AWS for Industries

Future-proof Your AI at the Edge with AWS

In the rapidly evolving field of IoT in manufacturing and transportation domains, machine learning features create significant value. By utilizing machine learning at the edge, manufacturers can gather insights faster, identify trends, identify patterns, and detect anomalies, all resulting in enhanced security and safety and cost savings.

Amazon SageMaker is a fully managed service that provides developers and data scientists with the ability to build, train, model, and deploy ML models for any use case with fully managed infrastructure, tools, and workflows quickly at scale. In this blog, written with our Premier AWS Partner, Ness Digital Engineering, we present the various options to compile, package, deploy, and run machine learning models across a fleet of devices at the edge.

The value of Amazon SageMaker

Within Amazon SageMaker, to manage resources and optimize inference performance when deploying the ML models, Amazon SageMaker Edge Manager is a preferred way to manage models on an edge device, while ONNX runtime can be used to optimize models for inference. Amazon SageMaker Neo, a capability of Amazon SageMaker that enables ML models to train and run on the edge, can also be employed to optimize ML models for inference on SageMaker in the cloud and supported devices at the edge.
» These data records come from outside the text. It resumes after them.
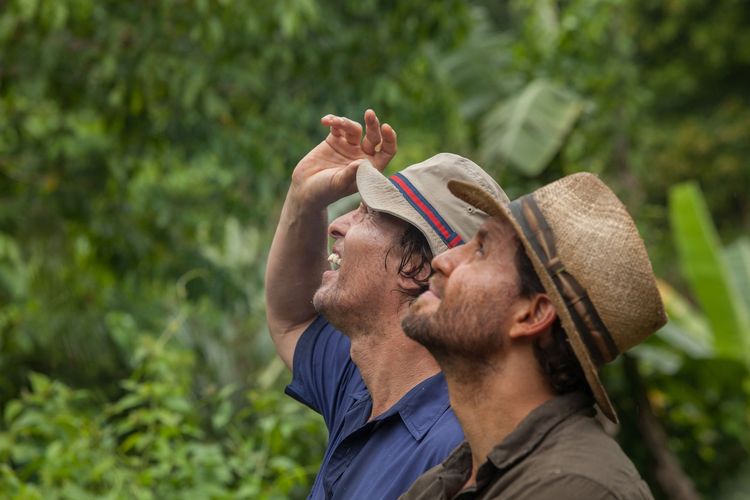 Produktbild: Gold - Gier hat eine neue Farbe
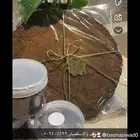 بخور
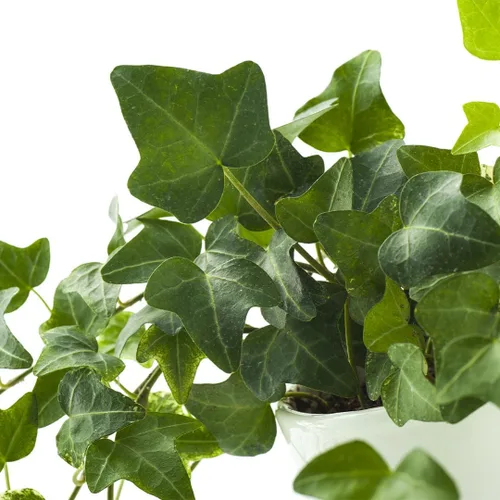 Miniatura 4 de American Plant Exchange Paquete de 2 macetas de hiedra inglesa, paquete de 2 macetas de 4 pulgadas, plantas de interior verdes y abigarradas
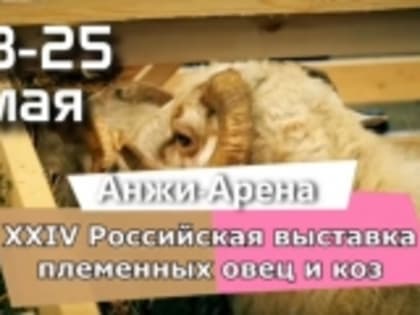 XXIV Российская выставка племенных овец и коз пройдет в Каспийске с 23 по 25 мая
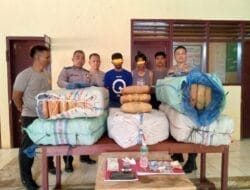 Polsek Batang Natal Polres Madina Gagalkan Pengiriman Ganja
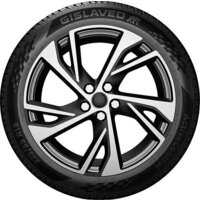 Летние шины Gislaved ActiveControl 205/55R16 91W - Превью изображения №2 — Интернет-магазин ПроЗаказ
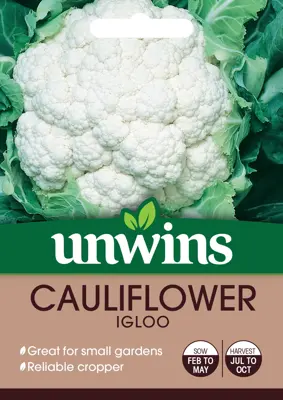 Cauliflower Igloo - image 2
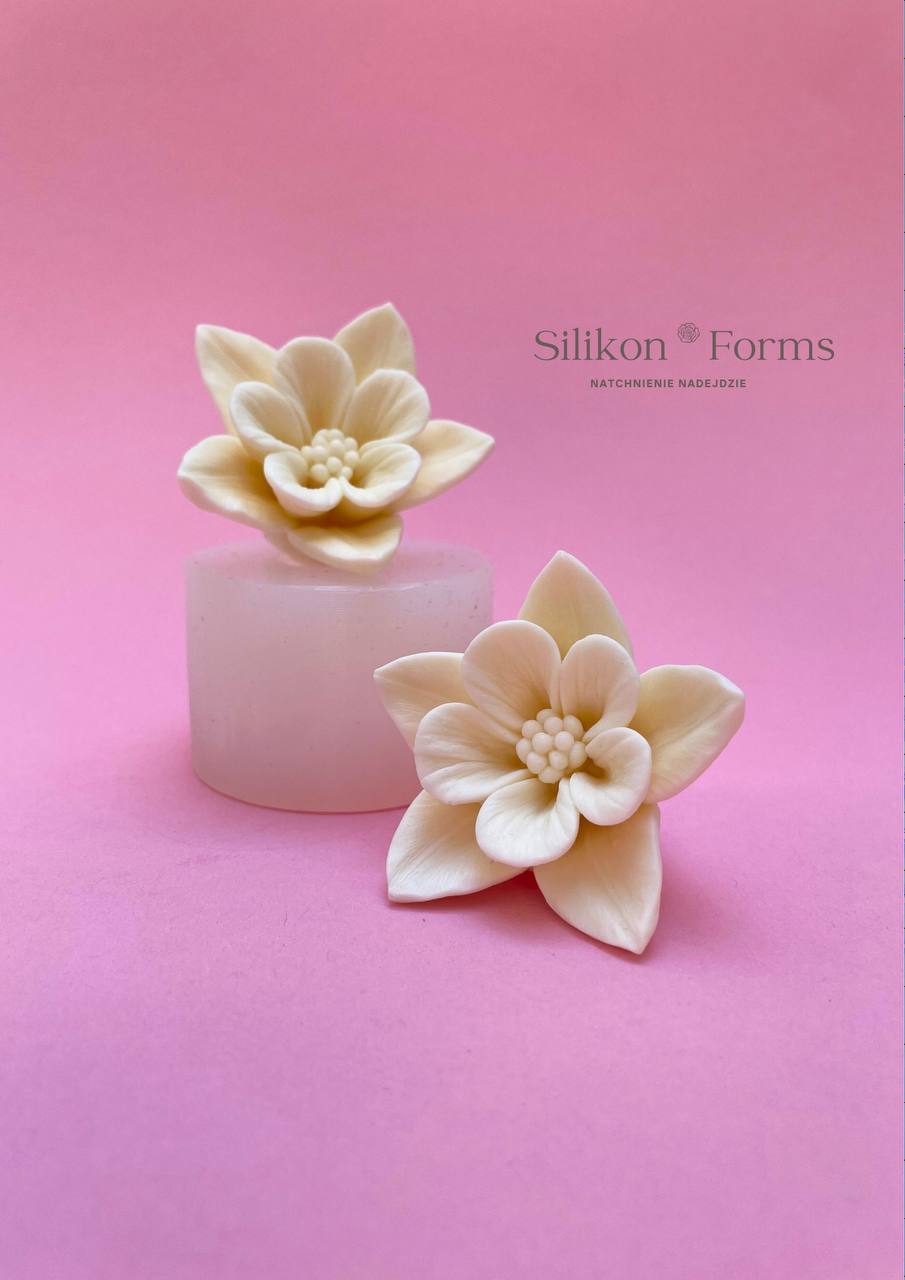 SilikonForms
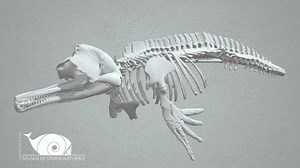 Ganges River Dolphin - 3D model by Natural History Museum, University of Pisa (@MuseoStoriaNaturaleUnipi)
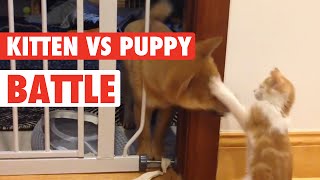 Puppy Vs Kitten Battle for Adorable [upl. by Yrrep877]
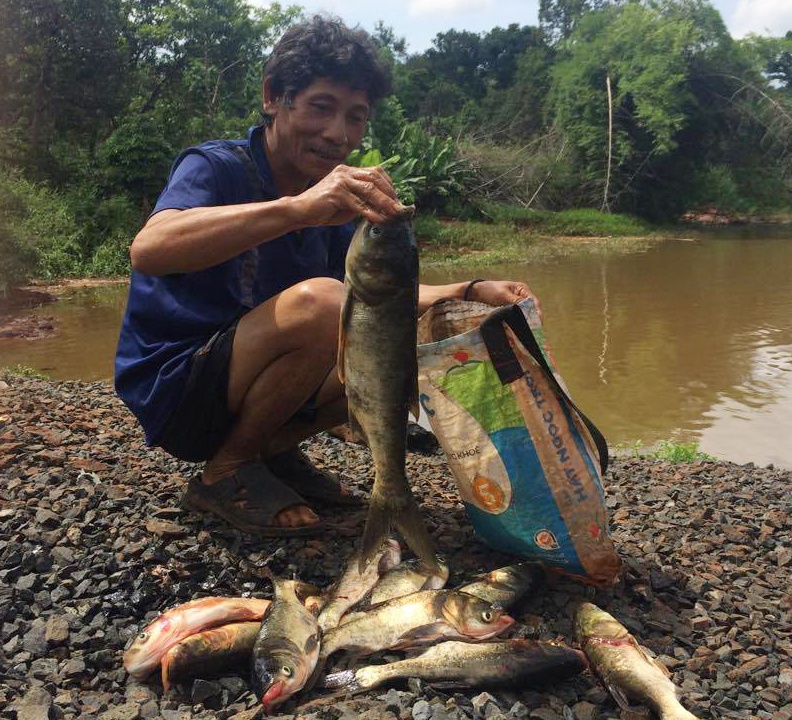 Gan 1 tan ca chet bat thuong ben cum cong nghiep hinh anh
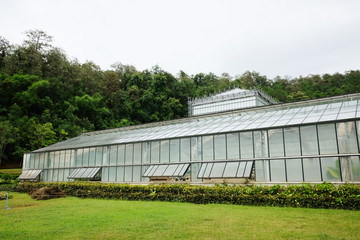 Fototapeta na wymiar Greenhouse and conservatory at Queen Sirikit Botanic Garden and Arboretum, Climber trail for study about Various plant species.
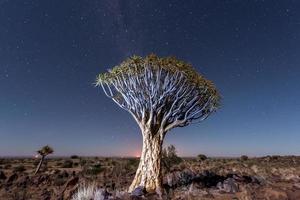 faretra albero foresta - nambia foto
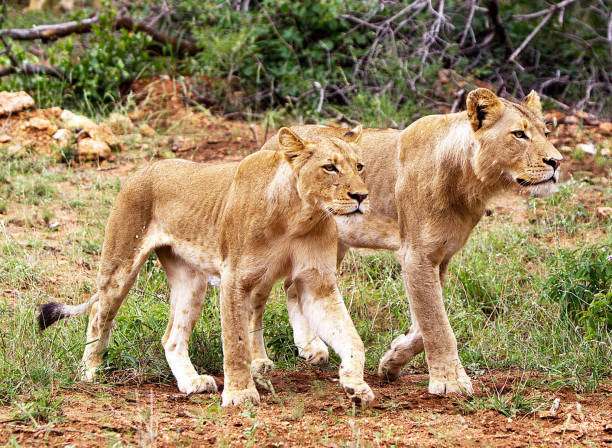 istock Magical Balule Wildlife pictures 1413009266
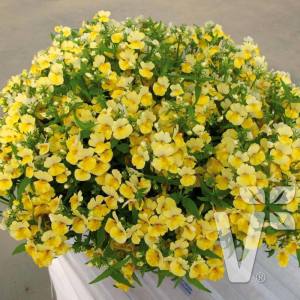 Limon nemezya çiçeği fidesi nemesia lyric lemon
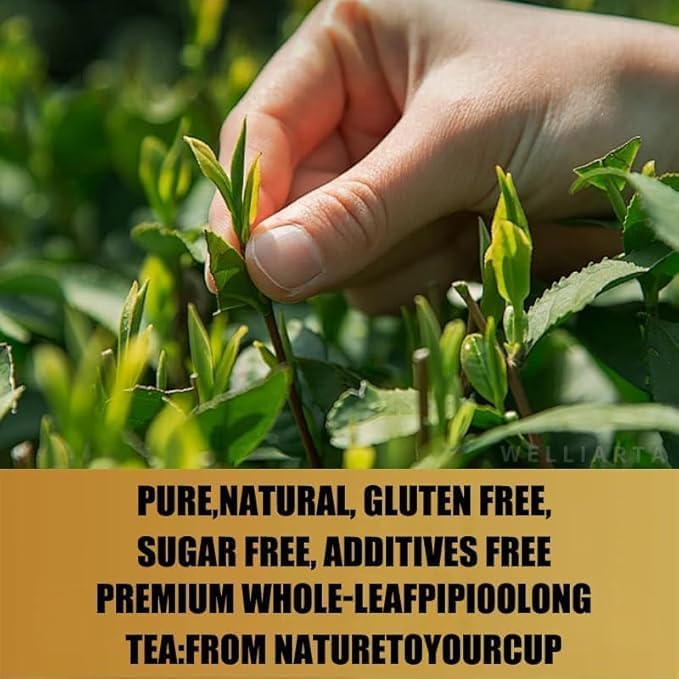 pipitea Organic Oolong Tea Bags - Whole Leaf, (20 bags) 4g Selected Tea Leaves - Helps lower cortisol levels, relieve stress, promote digestion and metabolism, vegan, non-GMOPerfect for Hot & Iced（A)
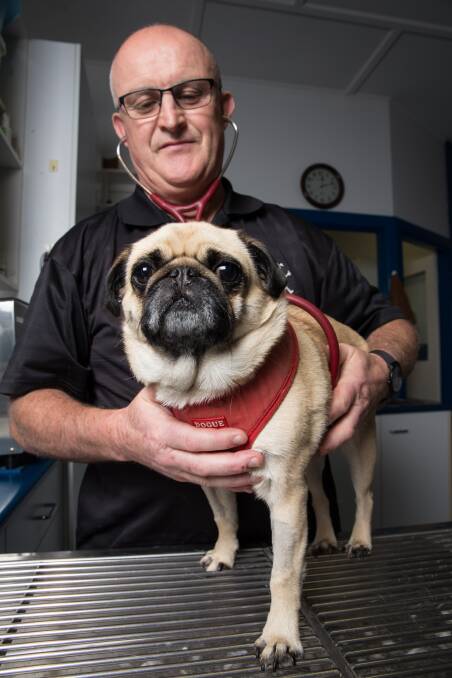 VET CHECKS: Hawkesbury veterinarian Dr Greg Thompson checks Igor the Pug for ticks at his Richmond clinic. Picture: Geoff Jones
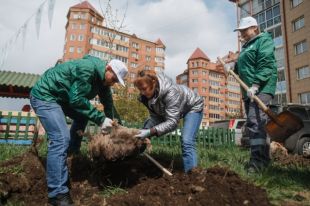 Волонтеры РУСАЛа помогают жителям сажать деревья.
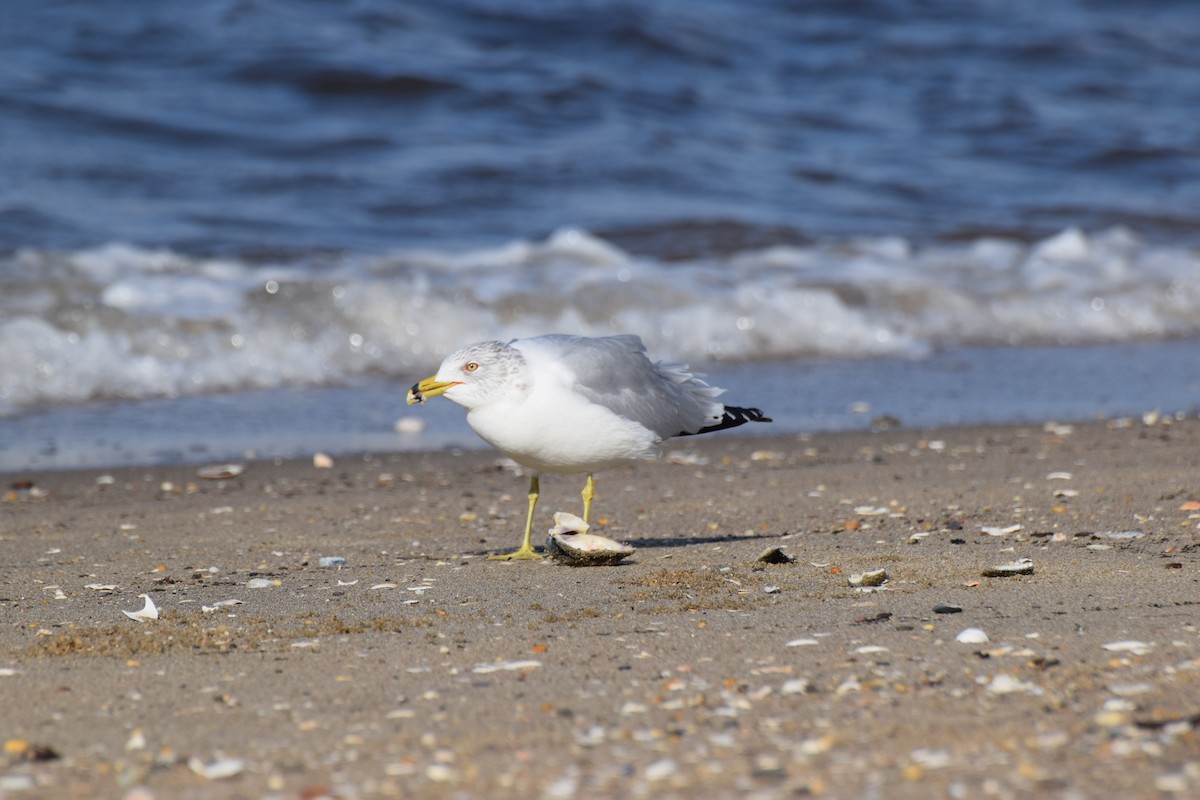 Ring-billed Gull - ML417734651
While Amazon SageMaker Edge Manager lets you prepare custom models for edge devices, include runtime for running ML inferences efficiently and enables the devices to securely send samples of data for relabeling and retraining, alternative approaches include DLR (Deep Learning Runtime) that can be used to run model compiled by SageMaker Neo. For a cross-platform edge runtime, use ONNX, an open-source ML model accelerator, that integrates into your SageMaker workflows as an automated step for your edge deployments.

Option 1. Amazon SageMaker Edge Manager Agent Service

With the availability of low power edge hardware for ML and the ability to allow predictions in real time, reduce costs, and preserve end-user privacy, many ML use cases are built to run ML models on edge devices. However, this is still challenging due to limited compute, memory, and connectivity limitations. Therefore, there is a need for an edge manager to optimize, run and update ML models across the fleet of devices at the edge.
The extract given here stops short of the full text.